Selain itu, panitia juga menyediakan layanan khidmat takjil dan makan berbuka puasa untuk 300 jamaah setiap hari. Program tersebut disponsori oleh Badan Amil Zakat Nasional (Baznas) Provinsi Riau sebagai bentuk kepedulian terhadap jamaah dan masyarakat yang ingin berbuka puasa di masjid.
Tidak hanya fokus pada ibadah, Masjid Raya An-Nur juga menghadirkan Bazar Ramadan yang terdiri dari 30 unit stan. Bazar tersebut diharapkan menjadi sarana semarak ekonomi umat sekaligus memudahkan jamaah dalam berbelanja berbagai kebutuhan Ramadan, mulai dari makanan, pakaian syar’i, hingga produk-produk islami lainnya.
Ustadz Zul Ikromi menjelaskan bahwa panitia juga menghadirkan layanan pijat refleksi serta konsultasi zakat yang turut disponsori oleh Baznas Riau. Layanan ini diharapkan dapat memberikan kemudahan dan kenyamanan bagi jamaah dalam menjalankan ibadah sekaligus menunaikan kewajiban zakat.
“Kami ingin Ramadan di Masjid Raya An-Nur tidak hanya menjadi pusat ibadah, tetapi juga pusat pelayanan umat yang memberi manfaat luas bagi masyarakat,” tambahnya.
Setiap malam setelah salat Tarawih, akan dilaksanakan kegiatan tadarus Alquran yang dipimpin para imam dan qari Masjid Raya An-Nur.
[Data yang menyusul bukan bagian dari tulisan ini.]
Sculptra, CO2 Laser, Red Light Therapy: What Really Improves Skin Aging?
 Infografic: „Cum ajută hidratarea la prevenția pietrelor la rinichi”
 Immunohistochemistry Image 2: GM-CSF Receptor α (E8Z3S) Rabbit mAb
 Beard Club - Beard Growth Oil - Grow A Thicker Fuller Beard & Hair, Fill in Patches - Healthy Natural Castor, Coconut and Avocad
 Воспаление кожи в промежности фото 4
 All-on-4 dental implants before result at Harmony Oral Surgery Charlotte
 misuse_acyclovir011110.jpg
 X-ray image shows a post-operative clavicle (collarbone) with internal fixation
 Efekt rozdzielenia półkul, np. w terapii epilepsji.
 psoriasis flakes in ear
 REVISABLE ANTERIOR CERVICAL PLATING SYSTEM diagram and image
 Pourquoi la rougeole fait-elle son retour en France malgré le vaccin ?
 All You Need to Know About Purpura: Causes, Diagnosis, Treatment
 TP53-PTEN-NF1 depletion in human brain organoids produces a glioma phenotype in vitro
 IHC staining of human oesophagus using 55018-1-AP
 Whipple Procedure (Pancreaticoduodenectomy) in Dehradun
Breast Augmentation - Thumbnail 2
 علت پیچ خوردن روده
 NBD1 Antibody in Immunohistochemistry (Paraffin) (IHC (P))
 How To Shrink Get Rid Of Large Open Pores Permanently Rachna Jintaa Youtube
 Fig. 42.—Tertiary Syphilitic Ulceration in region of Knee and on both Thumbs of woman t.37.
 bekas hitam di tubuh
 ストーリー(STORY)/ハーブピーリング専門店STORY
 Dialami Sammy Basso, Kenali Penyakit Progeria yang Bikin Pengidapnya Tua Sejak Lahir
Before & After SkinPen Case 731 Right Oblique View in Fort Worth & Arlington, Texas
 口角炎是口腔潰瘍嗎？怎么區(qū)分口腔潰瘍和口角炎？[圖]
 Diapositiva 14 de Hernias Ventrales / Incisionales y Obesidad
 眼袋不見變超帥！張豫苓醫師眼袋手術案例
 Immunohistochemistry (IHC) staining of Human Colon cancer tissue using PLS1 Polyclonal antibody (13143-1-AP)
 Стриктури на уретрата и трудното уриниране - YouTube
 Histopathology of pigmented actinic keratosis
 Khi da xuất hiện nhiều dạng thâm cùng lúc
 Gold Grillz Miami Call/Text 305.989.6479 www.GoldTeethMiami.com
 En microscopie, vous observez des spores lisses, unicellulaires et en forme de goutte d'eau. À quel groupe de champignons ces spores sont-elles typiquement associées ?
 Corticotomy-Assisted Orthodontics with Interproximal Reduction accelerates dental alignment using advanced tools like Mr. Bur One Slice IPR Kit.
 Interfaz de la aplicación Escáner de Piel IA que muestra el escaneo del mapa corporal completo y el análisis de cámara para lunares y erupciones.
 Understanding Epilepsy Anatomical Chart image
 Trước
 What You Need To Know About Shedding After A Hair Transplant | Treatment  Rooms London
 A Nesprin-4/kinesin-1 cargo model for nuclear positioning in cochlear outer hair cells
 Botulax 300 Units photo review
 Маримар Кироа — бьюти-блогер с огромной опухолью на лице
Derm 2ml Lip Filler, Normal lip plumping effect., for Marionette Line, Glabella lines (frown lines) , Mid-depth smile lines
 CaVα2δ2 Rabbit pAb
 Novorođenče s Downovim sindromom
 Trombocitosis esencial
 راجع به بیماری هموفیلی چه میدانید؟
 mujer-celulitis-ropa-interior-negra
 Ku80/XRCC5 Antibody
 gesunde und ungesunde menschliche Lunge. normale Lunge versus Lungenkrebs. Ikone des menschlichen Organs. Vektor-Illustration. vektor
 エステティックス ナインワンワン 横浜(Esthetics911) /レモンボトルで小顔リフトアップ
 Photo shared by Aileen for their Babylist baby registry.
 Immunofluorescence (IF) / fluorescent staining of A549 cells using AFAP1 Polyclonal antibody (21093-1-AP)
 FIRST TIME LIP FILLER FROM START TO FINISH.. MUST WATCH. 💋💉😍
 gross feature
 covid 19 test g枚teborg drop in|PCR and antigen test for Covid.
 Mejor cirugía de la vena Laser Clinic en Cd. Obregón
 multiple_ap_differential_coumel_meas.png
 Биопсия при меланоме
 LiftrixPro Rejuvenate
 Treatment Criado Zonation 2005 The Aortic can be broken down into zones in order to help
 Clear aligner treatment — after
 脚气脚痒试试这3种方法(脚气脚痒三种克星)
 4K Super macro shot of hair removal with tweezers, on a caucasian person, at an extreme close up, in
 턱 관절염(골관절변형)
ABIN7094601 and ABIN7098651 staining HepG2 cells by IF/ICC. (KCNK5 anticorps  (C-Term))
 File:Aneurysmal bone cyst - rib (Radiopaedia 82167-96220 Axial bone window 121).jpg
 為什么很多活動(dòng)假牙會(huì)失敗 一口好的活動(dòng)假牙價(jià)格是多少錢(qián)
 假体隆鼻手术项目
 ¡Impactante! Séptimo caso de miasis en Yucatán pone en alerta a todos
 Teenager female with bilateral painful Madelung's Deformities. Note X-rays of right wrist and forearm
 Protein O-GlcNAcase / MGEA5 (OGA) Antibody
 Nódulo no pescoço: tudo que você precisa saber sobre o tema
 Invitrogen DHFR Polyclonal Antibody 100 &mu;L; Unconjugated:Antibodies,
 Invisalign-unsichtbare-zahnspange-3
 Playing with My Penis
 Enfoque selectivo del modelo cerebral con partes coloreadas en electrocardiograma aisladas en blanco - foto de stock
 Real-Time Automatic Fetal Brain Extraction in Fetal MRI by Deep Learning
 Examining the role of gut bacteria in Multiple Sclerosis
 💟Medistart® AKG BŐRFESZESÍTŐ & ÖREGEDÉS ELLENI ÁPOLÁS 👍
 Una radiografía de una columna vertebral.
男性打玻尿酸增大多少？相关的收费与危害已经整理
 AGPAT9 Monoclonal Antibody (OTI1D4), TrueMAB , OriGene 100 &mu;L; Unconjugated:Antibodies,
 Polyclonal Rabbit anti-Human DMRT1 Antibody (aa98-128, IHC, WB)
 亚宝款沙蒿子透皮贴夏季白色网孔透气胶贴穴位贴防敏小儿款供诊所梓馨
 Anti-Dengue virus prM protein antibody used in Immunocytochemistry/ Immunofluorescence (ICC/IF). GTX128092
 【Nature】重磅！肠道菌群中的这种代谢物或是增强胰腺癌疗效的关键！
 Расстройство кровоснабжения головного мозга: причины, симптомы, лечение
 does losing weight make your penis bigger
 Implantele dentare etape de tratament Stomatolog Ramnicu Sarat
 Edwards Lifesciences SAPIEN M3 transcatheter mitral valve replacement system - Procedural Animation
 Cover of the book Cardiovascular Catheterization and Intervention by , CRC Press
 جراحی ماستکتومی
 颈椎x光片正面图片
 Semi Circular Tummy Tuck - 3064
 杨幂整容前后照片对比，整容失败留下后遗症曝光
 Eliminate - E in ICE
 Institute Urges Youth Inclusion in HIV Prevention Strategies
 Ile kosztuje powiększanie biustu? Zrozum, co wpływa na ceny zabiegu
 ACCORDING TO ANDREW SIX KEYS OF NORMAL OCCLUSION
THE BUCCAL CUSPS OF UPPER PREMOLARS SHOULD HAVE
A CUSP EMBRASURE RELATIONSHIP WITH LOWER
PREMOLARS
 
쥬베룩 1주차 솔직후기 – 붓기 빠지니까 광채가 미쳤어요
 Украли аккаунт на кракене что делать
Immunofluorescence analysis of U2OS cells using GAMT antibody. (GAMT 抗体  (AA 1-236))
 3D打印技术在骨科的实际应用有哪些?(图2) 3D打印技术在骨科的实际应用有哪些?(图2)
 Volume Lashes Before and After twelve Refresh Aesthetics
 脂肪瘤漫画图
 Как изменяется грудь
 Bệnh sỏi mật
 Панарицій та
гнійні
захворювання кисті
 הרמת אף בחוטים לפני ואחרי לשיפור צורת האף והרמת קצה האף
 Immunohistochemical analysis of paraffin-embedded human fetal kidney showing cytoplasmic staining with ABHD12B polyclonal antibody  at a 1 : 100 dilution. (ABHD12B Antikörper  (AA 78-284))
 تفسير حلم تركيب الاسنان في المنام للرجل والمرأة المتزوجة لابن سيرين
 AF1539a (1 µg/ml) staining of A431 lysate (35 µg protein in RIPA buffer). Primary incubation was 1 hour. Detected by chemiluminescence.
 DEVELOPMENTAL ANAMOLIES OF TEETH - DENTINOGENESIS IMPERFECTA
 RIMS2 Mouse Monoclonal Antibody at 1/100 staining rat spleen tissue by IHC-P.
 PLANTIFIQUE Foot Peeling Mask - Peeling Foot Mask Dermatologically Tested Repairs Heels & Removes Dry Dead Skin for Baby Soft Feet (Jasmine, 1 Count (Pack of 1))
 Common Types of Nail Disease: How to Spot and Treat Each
Sementara pada 10 hari terakhir Ramadan, panitia menggelar iktikaf yang disertai dauroh kitab dengan menghadirkan para asatidz pilihan sebagai pemateri.
Sementara itu, Ketua Panitia Pelaksana Kegiatan Bulan Suci Ramadan 1447 H/2026 M Masjid Raya An-Nur Provinsi Riau, Dr. H. Zulkarnain Umar, M.Si, menambahkan bahwa Ikatan Remaja Masjid (IRMA) Raya An-Nur juga akan mengadakan Pesantren Ramadan sebagai wadah pembinaan generasi muda agar semakin mencintai masjid dan Alquran.
Selain itu, pengumpulan dan penyaluran zakat mal serta zakat fitrah juga akan dilaksanakan melalui Unit Pengumpul Zakat (UPZ) BPMR An-Nur guna memastikan distribusi zakat tepat sasaran.
Ustadz Zulkarnain Umar menegaskan bahwa Ramadan merupakan momentum strategis untuk memperkuat keimanan dan solidaritas sosial umat. Menurutnya, seluruh rangkaian kegiatan yang disusun tidak hanya berorientasi pada peningkatan kualitas ibadah individual, tetapi juga membangun kebersamaan dan kepedulian sosial di tengah masyarakat.
“Kami mengajak seluruh masyarakat Riau untuk memakmurkan Masjid Raya An-Nur selama Ramadan. Semoga setiap langkah dan ibadah yang dilakukan menjadi wasilah peningkatan takwa dan mempererat ukhuwah Islamiyah,” ujarnya.